Record excerpts:
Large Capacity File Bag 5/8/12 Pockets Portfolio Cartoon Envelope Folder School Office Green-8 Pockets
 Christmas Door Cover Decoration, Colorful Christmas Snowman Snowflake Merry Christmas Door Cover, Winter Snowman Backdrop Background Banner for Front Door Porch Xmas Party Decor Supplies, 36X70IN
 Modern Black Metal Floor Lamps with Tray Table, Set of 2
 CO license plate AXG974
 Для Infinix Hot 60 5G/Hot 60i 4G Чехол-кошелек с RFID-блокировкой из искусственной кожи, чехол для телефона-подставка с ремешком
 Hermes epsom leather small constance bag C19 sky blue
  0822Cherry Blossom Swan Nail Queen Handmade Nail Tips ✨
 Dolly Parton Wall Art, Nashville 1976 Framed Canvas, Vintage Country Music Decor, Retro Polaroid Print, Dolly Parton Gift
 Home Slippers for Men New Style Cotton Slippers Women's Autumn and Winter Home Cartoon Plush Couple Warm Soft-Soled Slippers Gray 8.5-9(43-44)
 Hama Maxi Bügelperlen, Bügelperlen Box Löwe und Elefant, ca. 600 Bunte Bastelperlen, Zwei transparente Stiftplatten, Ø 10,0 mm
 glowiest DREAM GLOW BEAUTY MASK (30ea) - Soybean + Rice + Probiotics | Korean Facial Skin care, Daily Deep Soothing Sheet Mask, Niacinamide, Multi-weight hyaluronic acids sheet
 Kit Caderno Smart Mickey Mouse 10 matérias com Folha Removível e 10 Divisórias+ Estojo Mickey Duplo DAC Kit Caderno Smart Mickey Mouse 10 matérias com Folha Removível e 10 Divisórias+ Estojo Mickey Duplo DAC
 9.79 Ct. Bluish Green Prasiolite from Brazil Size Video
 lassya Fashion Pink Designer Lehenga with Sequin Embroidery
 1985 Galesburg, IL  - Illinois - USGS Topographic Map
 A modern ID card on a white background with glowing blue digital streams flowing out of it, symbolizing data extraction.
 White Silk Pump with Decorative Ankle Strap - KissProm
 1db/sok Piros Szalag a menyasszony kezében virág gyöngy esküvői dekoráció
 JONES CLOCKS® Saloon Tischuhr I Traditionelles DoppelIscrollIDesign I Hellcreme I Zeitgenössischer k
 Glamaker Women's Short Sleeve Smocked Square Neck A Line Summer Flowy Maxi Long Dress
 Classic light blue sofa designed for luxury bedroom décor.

Exercise requirements: Find every line in the records that contains the word "Green"; copy those lines.

Result:
Large Capacity File Bag 5/8/12 Pockets Portfolio Cartoon Envelope Folder School Office Green-8 Pockets
 9.79 Ct. Bluish Green Prasiolite from Brazil Size Video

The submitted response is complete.